As for the contradiction between consistent cognition and policy diversity, policy decentralization with shared parameters (PDSP) has been widely used [15, 26] to speed up training process and endow agents with consistent cognition of their task. However, it also brings the difficulty of emerging personalities of agents. Some approaches stimulate player roles [30], and diversity [4] by introducing intrinsic rewards. As mentioned above, these approaches changes the original optimization objective, which results in agents less being eager to complete their original tasks.

Transfer learning is to study how to utilize the knowledge learned from source domain to improve the performance on target domain. Since deep learning has strong representation learning capability and transferability, many achievements are obtained in supervised learning [5, 20, 23, 27]. As for RL tasks, they are also expected to benefit from related source tasks to improve the performance of agents.

Based on the above discussion, for the challenges of sparse rewards and contradiction between consistent cognition and policy diversity in MARL, we transfer the knowledge learned from offline dataset of a single-agent scenario to multi-agent scenarios. Specifically, we (1) construct guiding dense rewards (GDR) in multi-agent scenarios to help agents explore real sparse rewards faster and jump out of locally optimal policies without changing the global optimal policy; (2) transfer a situation comprehension network (SCN) to balances the contradiction between consistent cognition and policy diversity among agents. Empirical results show that our methods achieve state-of-the-art performance on Google Research Football (GRF) [12] which brings together the above challenges.

2 Related Works

The advanced deep MARL approaches include value-based [21, 24, 29] algorithms and policy-gradient-based [14, 33] algorithms. Theoretically, our methods can be combined with any of above approaches, we choose to validate our methods on MAPPO because of its better performance in solving sparse reward task than others.

Though the constructing of GDR is close to the idea of inverse reinforcement learning (IRL) [1, 8, 19] for both constructing dense rewards from offline data, GDR has fundamental difference with IRL. The goal of IRL is to imitate the offline policy.

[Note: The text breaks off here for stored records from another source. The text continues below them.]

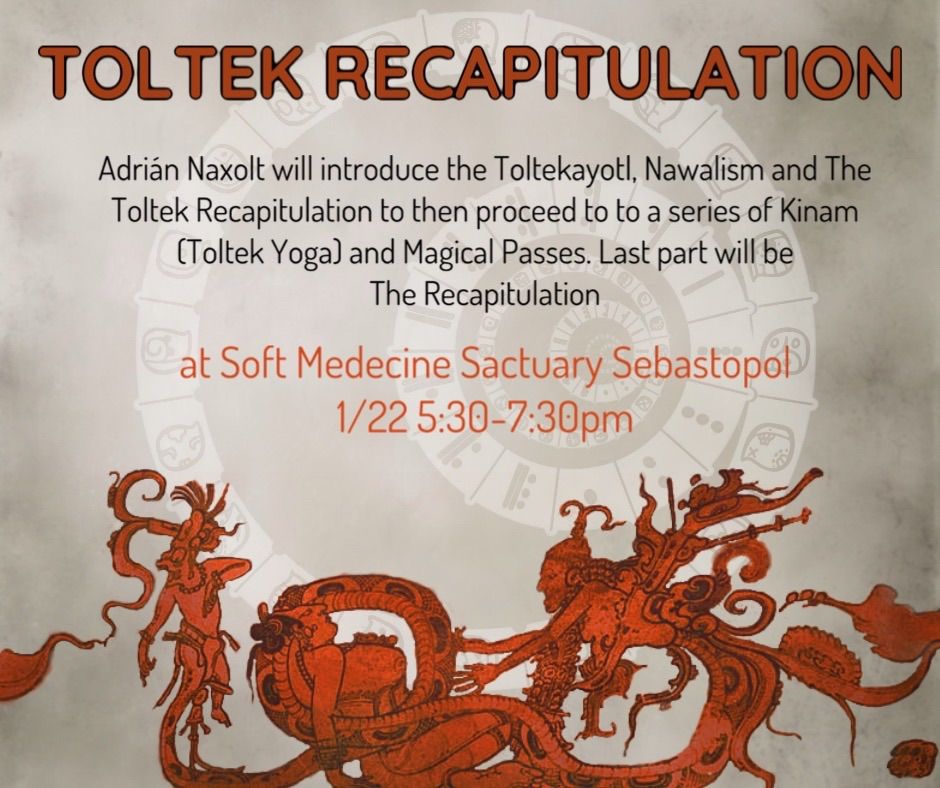 Toltek Recapitulation: A Workshop on Toltek Wisdom of Ancient Mexico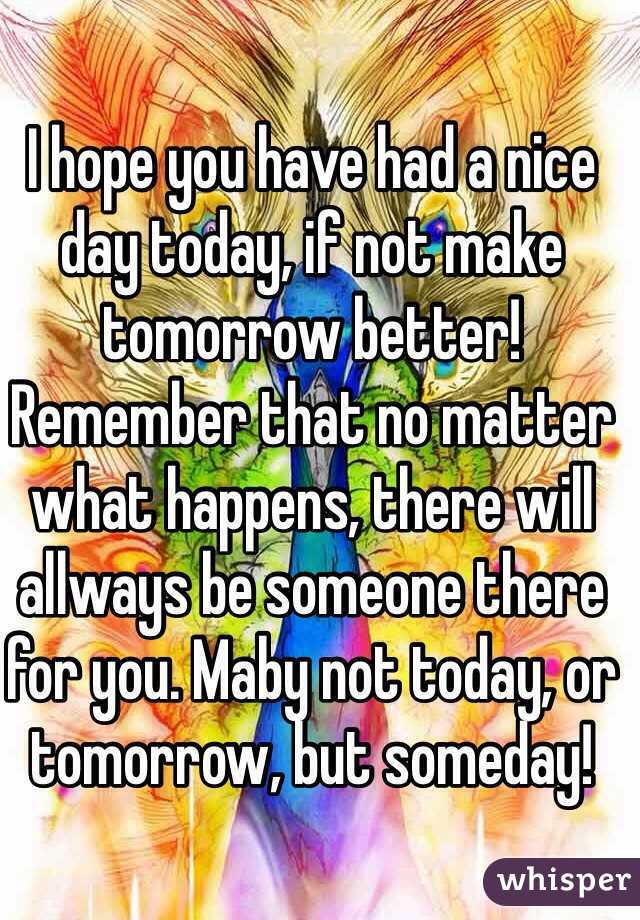 I Hope You Have Had A Nice Day Today If Not Make Tomorrow Better Remember That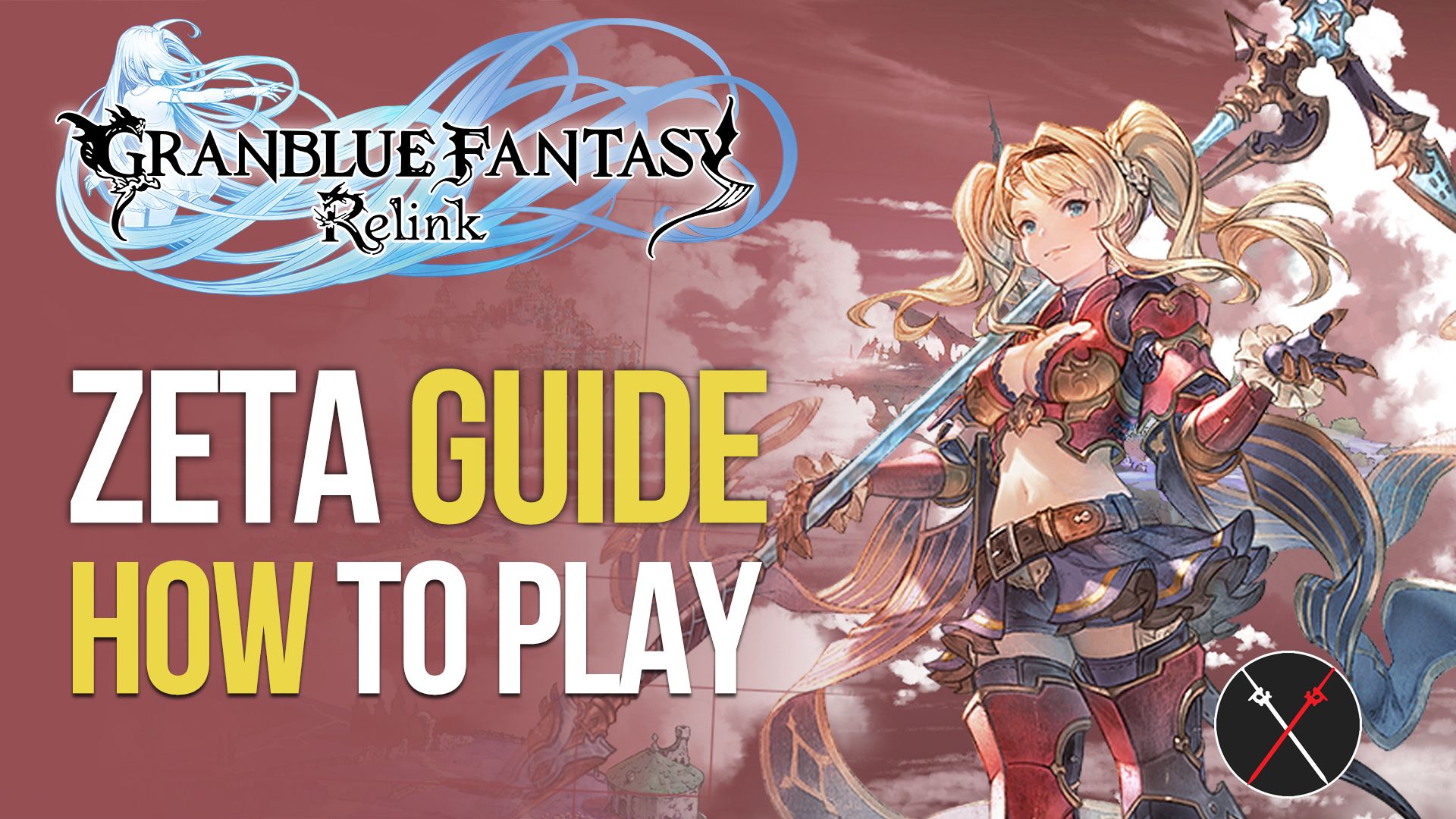 granblue fantasy relink zeta guide
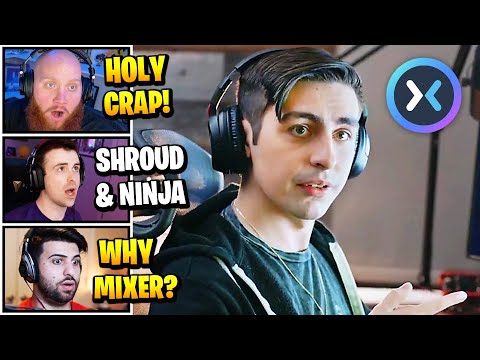 Streamers React To Shroud Moving To Mixer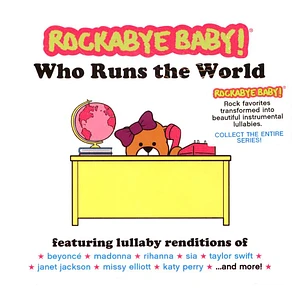 Rockabye Baby! - Who Runs The World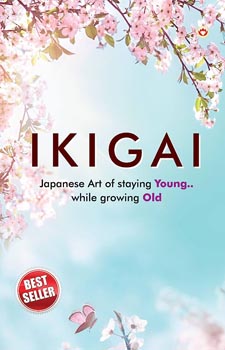 Ikigai Japanese Art of Staying Young While Growing Old 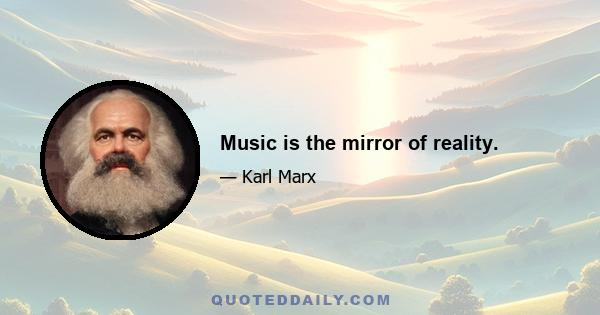 Music is the mirror of reality.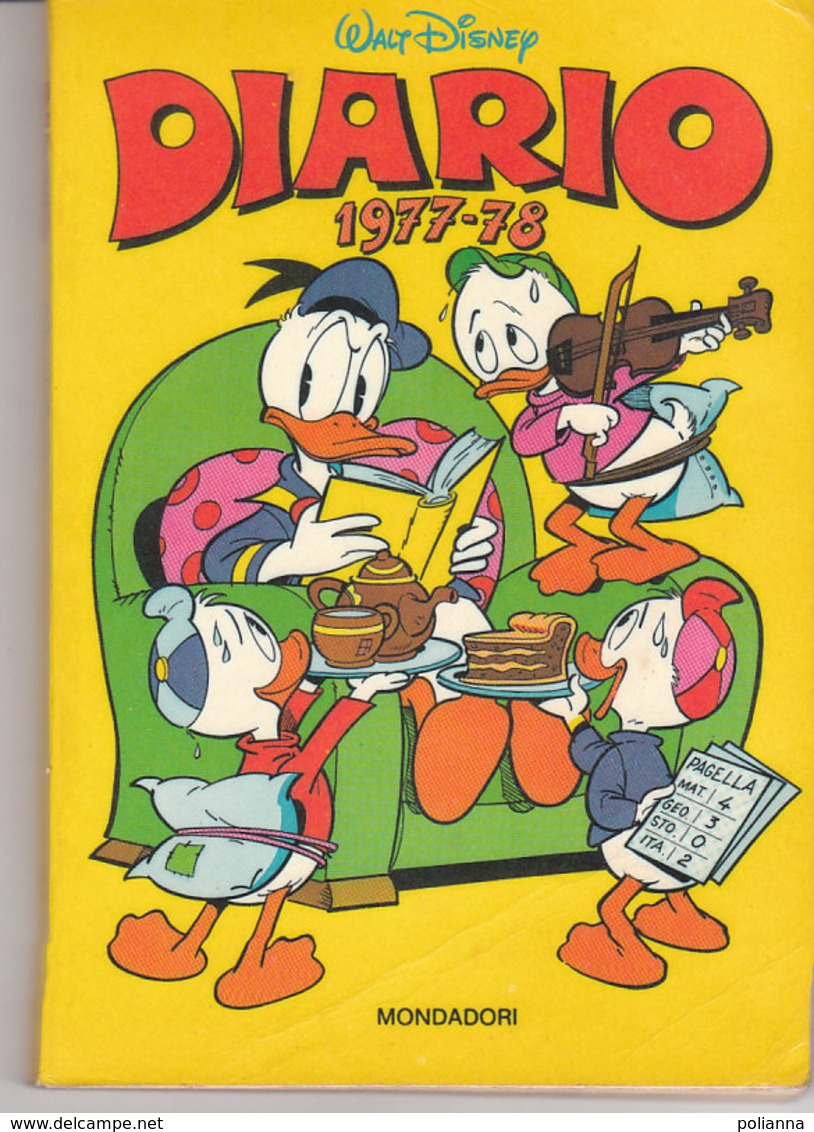 Q509 DIARIO SCUOLA Mondadori 1977-78 PAPERINO WALT DISNEY - Collezioni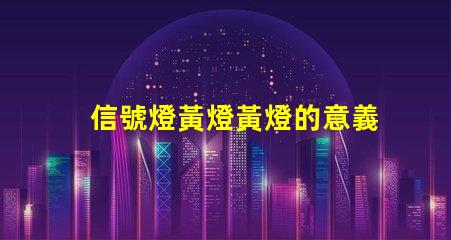 信號燈黃燈黃燈的意義與交通規則解析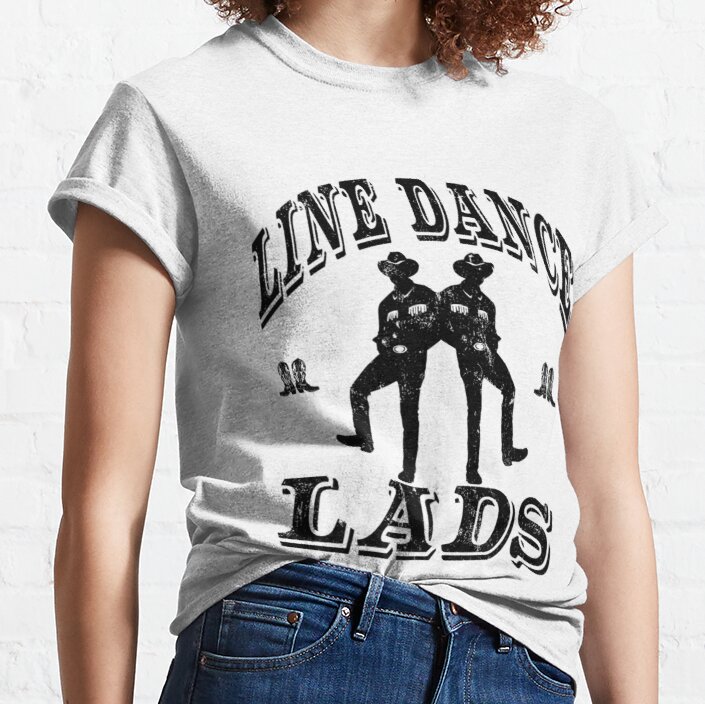 Line Dancing Country Western Music Line Dance Lads Men Classic T-Shirt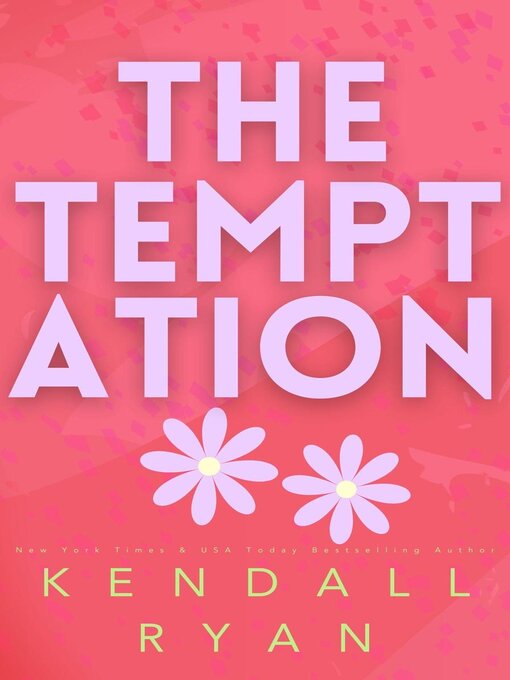 Title details for The Temptation by Kendall Ryan - Available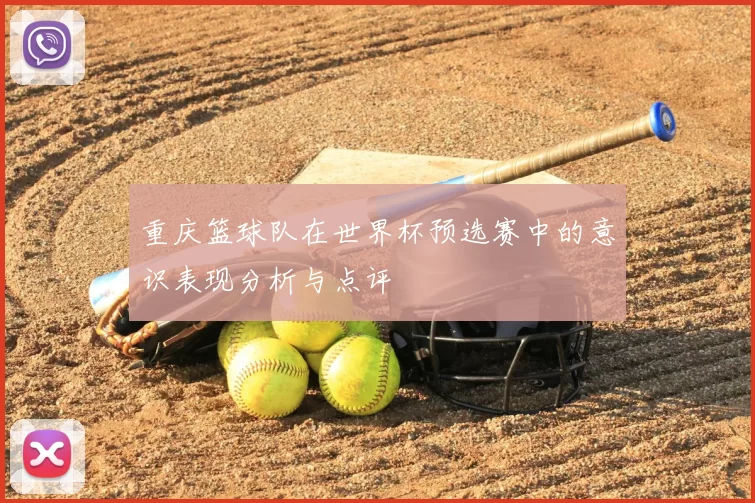 重庆篮球队在世界杯预选赛中的意识表现分析与点评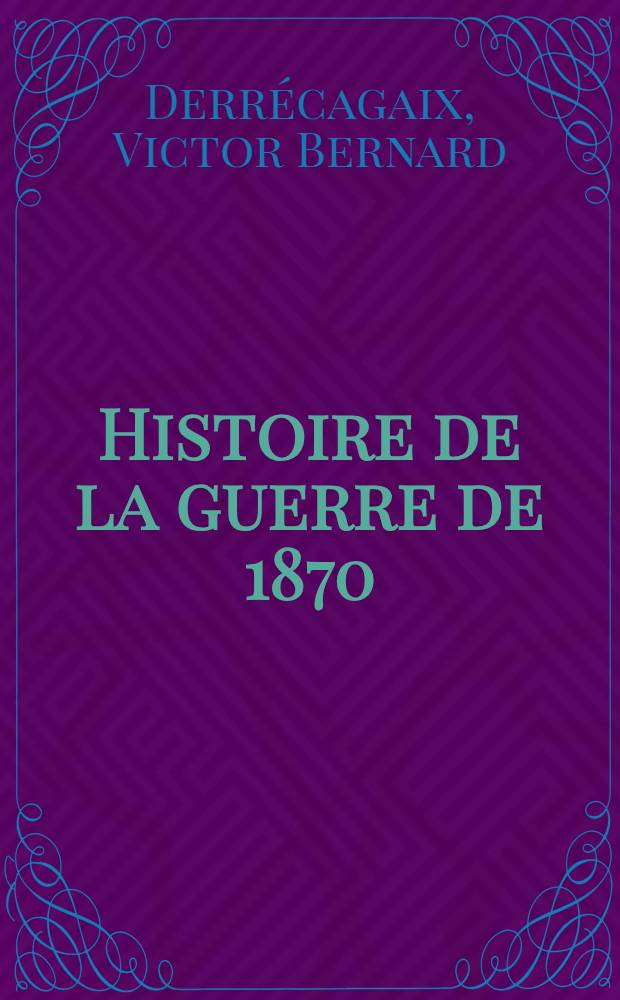 Histoire de la guerre de 1870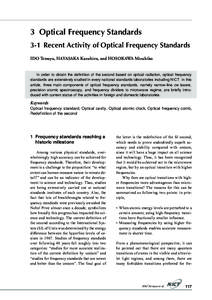 3 Optical Frequency Standards 3-1 Recent Activity of Optical Frequency Standards IDO Tetsuya, HAYASAKA Kazuhiro, and HOSOKAWA Mizuhiko In order to obtain the definition of the second based on optical radiation, optical f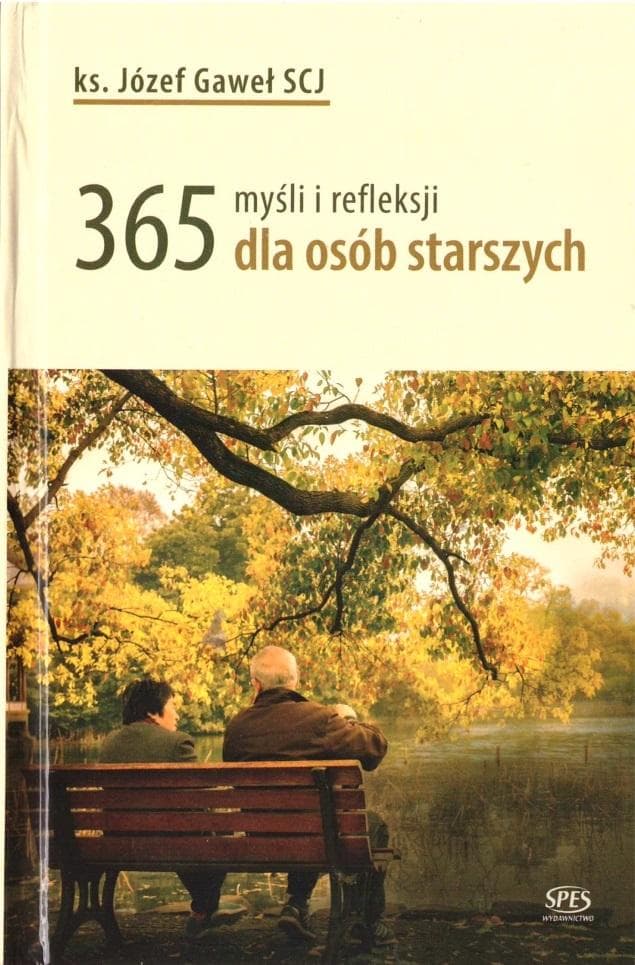 365 Myśli i Refleksji dla Seniorów - Józef Gaweł SCJ
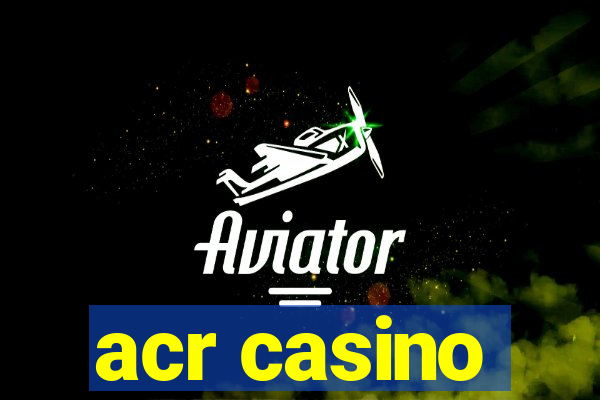 acr casino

It always assumes that the offline policy is already optimal. We still maintain the original task goal and do not have hard requirements on the performance of offline policies. The transfer of the SCN is similar to the pre-training and fine-tuning paradigm [32]. They both reuse the network from upstream tasks in downstream tasks.

3 Background

Multi-agent reinforcement learning can be formulated as a Dec-POMDP [18], which is defined as a tuple \(\left\langle N, S, A, P, R, O, \varOmega , n, \gamma \right\rangle \). At each step, environment is characterized as \(s \epsilon S\). The set of n agents N receives the local observation \(\textbf{o} \epsilon \varOmega \) according to the observation function O, then agents choose the joint action \(\textbf{a} \epsilon A\) according to their joint policy \(\mathbf {\pi }\). The environment transfers to a new state \(s^{'}\) according to the state transition function P and gives agents a reward \(r \epsilon R\). The task of agents is to learn the optimal joint policy to maximum the accumulated reward \(E\left( \sum _{t=0}\gamma ^tr_t\right) \) with discount factor \(\gamma \).

4 Methods

In this section, we will introduce the details of GDR and SCN. We illustrate and verify our methods with a football game. It needs to be emphasized that, our methods are also applicable for other tasks with sparse reward character and requiring cooperation and diversity among agents.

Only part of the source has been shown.